::: Supplied records :::

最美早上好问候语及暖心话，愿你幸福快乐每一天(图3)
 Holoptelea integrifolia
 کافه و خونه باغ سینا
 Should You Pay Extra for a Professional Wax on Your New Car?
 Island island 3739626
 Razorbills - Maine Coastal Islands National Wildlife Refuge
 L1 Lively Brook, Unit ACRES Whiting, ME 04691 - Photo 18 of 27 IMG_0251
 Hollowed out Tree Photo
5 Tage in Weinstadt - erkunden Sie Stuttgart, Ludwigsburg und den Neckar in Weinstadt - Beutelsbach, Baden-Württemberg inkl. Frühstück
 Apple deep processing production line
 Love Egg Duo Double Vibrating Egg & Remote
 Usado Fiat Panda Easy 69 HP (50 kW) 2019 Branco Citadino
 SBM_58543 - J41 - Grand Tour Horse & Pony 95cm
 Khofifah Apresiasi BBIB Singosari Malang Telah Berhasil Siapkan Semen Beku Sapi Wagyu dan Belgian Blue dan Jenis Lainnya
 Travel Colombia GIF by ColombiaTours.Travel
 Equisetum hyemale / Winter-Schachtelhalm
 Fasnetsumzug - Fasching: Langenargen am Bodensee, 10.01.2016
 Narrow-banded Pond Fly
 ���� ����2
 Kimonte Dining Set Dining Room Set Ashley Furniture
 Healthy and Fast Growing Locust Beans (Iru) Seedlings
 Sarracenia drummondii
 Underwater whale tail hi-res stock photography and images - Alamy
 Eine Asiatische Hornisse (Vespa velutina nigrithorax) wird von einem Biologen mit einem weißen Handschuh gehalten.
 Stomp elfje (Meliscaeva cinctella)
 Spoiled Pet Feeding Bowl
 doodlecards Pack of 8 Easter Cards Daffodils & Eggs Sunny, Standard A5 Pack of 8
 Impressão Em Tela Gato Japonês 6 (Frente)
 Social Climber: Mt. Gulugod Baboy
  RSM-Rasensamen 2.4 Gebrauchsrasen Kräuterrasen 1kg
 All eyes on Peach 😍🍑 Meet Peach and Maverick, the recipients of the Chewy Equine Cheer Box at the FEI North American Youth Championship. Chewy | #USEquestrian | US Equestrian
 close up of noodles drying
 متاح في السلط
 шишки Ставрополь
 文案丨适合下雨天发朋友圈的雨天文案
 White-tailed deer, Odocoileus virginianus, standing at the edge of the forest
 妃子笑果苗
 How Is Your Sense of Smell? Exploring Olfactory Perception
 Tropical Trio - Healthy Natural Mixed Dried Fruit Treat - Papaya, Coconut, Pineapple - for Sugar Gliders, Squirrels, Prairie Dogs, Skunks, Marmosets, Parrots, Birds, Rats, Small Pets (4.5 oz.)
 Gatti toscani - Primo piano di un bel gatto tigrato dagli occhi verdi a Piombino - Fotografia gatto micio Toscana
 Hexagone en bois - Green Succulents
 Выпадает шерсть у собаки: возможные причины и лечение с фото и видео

:::

Problem statement:
Show every line of the entries above where the word "Your" occurs.

Answer to the problem:
 Should You Pay Extra for a Professional Wax on Your New Car?
 How Is Your Sense of Smell? Exploring Olfactory Perception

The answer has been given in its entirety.